Your task: Every entry should be returned unchanged, with the pictures omitted.

---------------

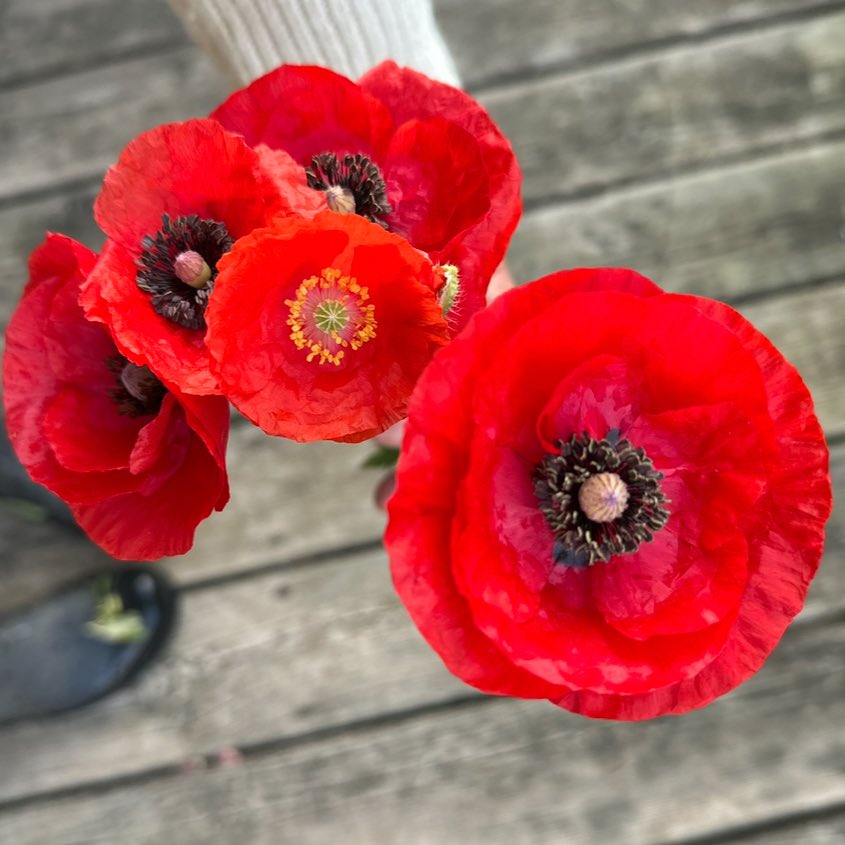 Cherry Hill Blooms tweet media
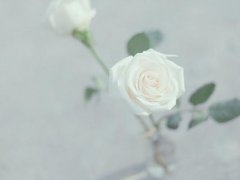 白色玫瑰花语(白玫瑰代表什么意思)
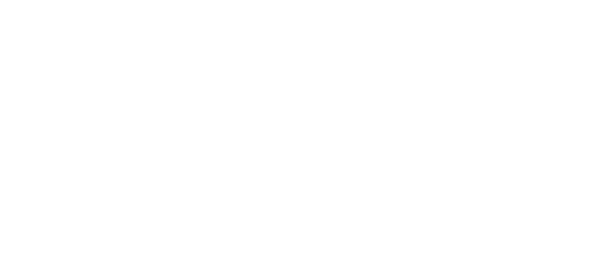 Auto Vision LLC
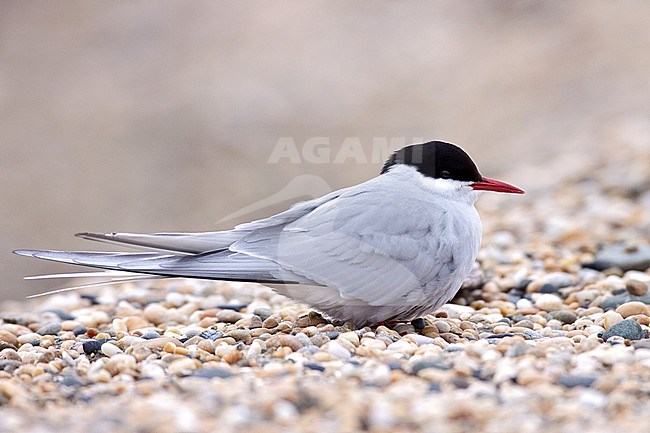 Adult breeding 
Seward Peninsula, AK 
June 2009 stock-image by Agami/Brian E Small,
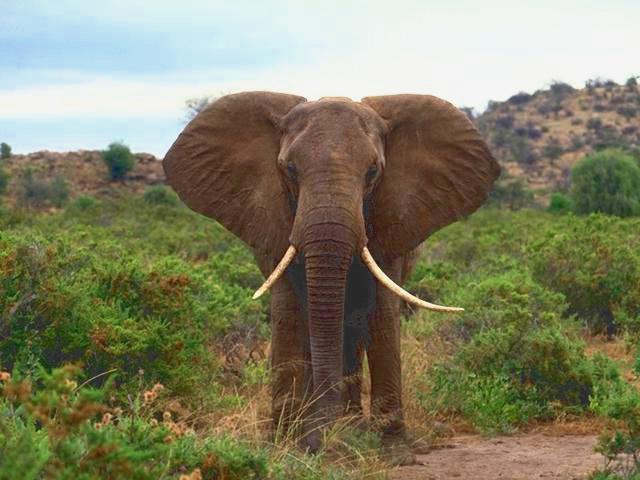 �������� ��� :: ����� :: ���������� 1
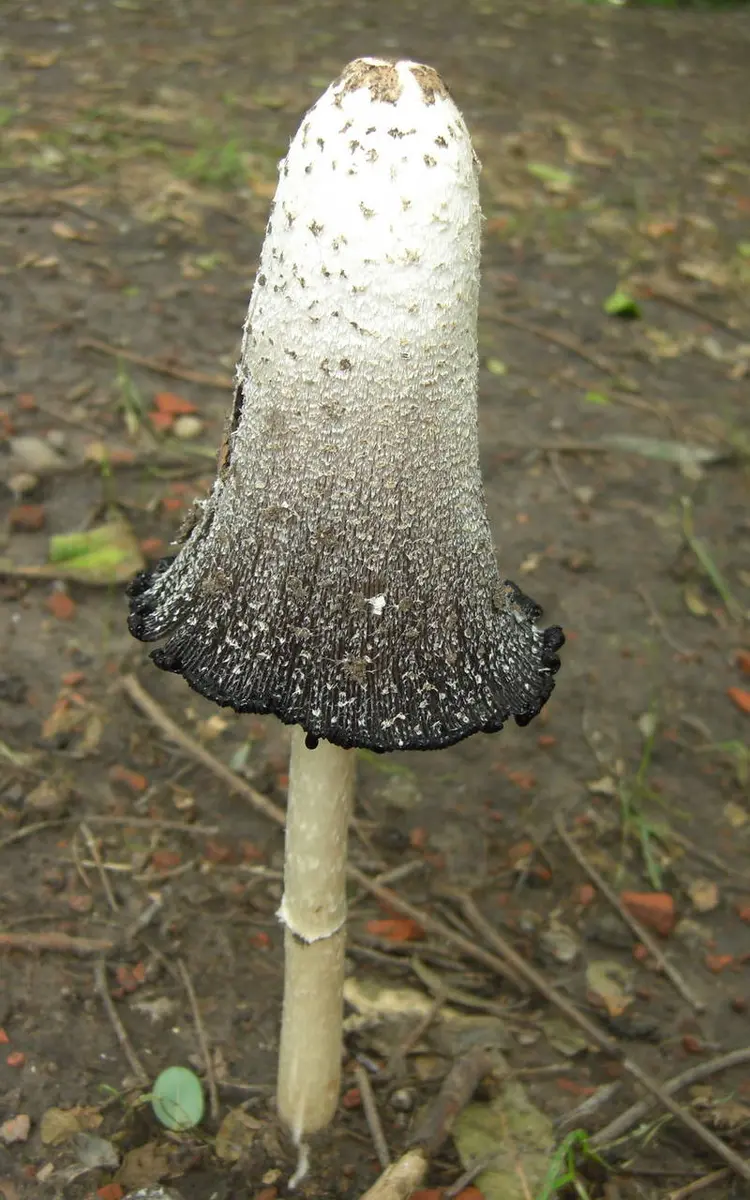A tall shaggy mane beginning to deliquesce: the lower rim of the cap has turned black and is lifting away from the stem while the top is still white and shaggy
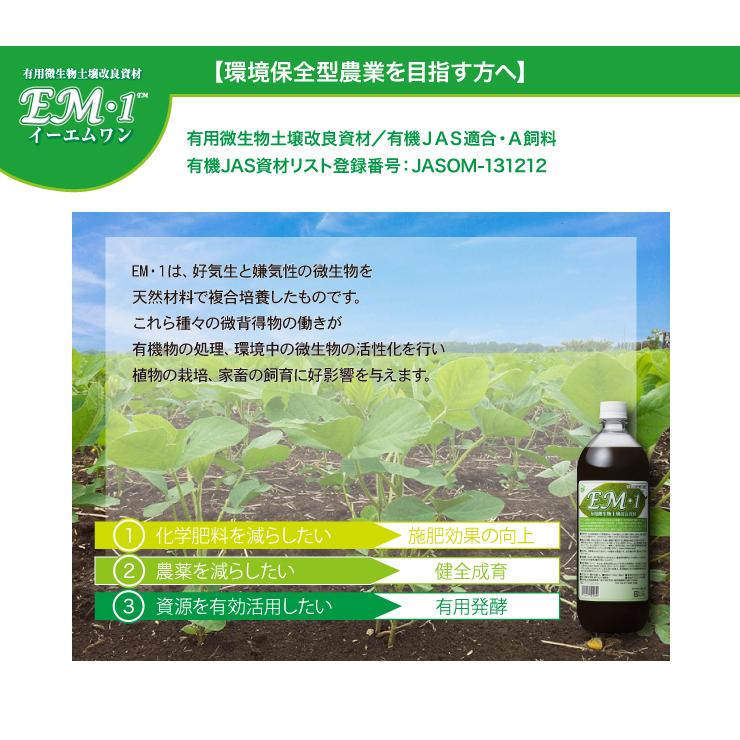 ＥＭ1 1L 有用微生物土壌改良資材 有機JAS適合資材 em1 EM EM生活 イーエムワン 微生物 栽培 野菜 水質 土作り 活性液 ガーデニング 家庭菜園 無農薬 有機栽培 |  | 01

---------------

Answer below:
 Cherry Hill Blooms tweet media
 白色玫瑰花语(白玫瑰代表什么意思)
 Auto Vision LLC
 Adult breeding 
Seward Peninsula, AK 
June 2009 stock-image by Agami/Brian E Small,
 �������� ��� :: ����� :: ���������� 1
A tall shaggy mane beginning to deliquesce: the lower rim of the cap has turned black and is lifting away from the stem while the top is still white and shaggy
 ＥＭ1 1L 有用微生物土壌改良資材 有機JAS適合資材 em1 EM EM生活 イーエムワン 微生物 栽培 野菜 水質 土作り 活性液 ガーデニング 家庭菜園 無農薬 有機栽培 |  | 01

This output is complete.